The bill now goes to the desk of Republican Gov. Jim Justice, who has signed several anti-abortion laws into law since taking office in 2017. Lawmakers resumed debate on the bill Tuesday after failing to reach an agreement in late July, giving up a chance for the state to be the first to pass new legislation limiting access to abortion since the Supreme Court the US ruled in June that its protected status as a constitutional right was abolished.

Both the Senate and the House of Representatives quickly approved the bill after several hours of debate.

Lawmakers inserted several provisions that they said were specifically aimed at the West Virginia Women’s Health Center, which was the state’s first abortion clinic when it opened in 1976 after the landmark Roe v. Wade of the US Supreme Court. It has existed for years as the state’s only abortion clinic, making it the ever-growing target of lawmakers and anti-abortion protesters.

The bill states that surgical abortions can only be performed in a state-licensed hospital by a physician with hospital privileges. Anyone else performing an abortion, including nurses and other medical professionals, faces three to 10 years in prison. A doctor who performs an illegal abortion could lose his license to practice medicine.

However, pregnant women who have illegal abortions will not be prosecuted under the bill.

Kaylen Barker, spokeswoman for the West Virginia Women’s Health Center, said the clinic will not close even if staff can no longer perform abortions. Like many clinics that perform abortions, the facility did not offer the procedure on a daily basis.

Most days are devoted to services like gender-affirming hormone therapy, HIV prevention and treatment, and routine pelvic care — cervical exams, cancer screening — mostly for low-income patients who are on Medicaid and have nowhere else to go.

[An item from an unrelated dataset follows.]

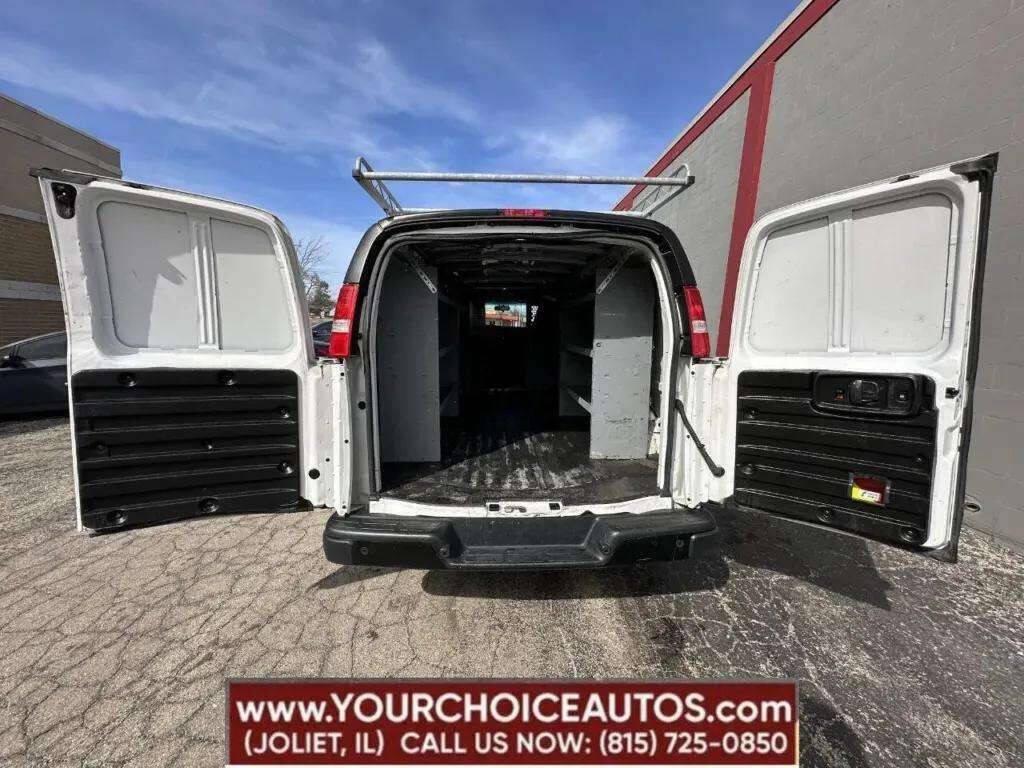 used 2019 Chevrolet Express 2500 car, priced at $14,154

Democratic Senator Owens Brown, West Virginia’s only black senator, opposed the bill before it passed the Senate. He said when he looks around at his fellow lawmakers, he sees a body made up mostly of middle-aged to older-aged white males who are middle-class or above.

Brown compared groups of men who passed laws overwhelmingly affecting women to laws passed by white legislators when slavery was legal in the United States. He said, “All laws are not good laws made by men.”

“That’s a bit irrational in a lot of ways, being able to apply a law that will never apply to you,” he told his fellow lawmakers. “It’s easy for you to sit and do this because you never have to face the consequences of your actions.”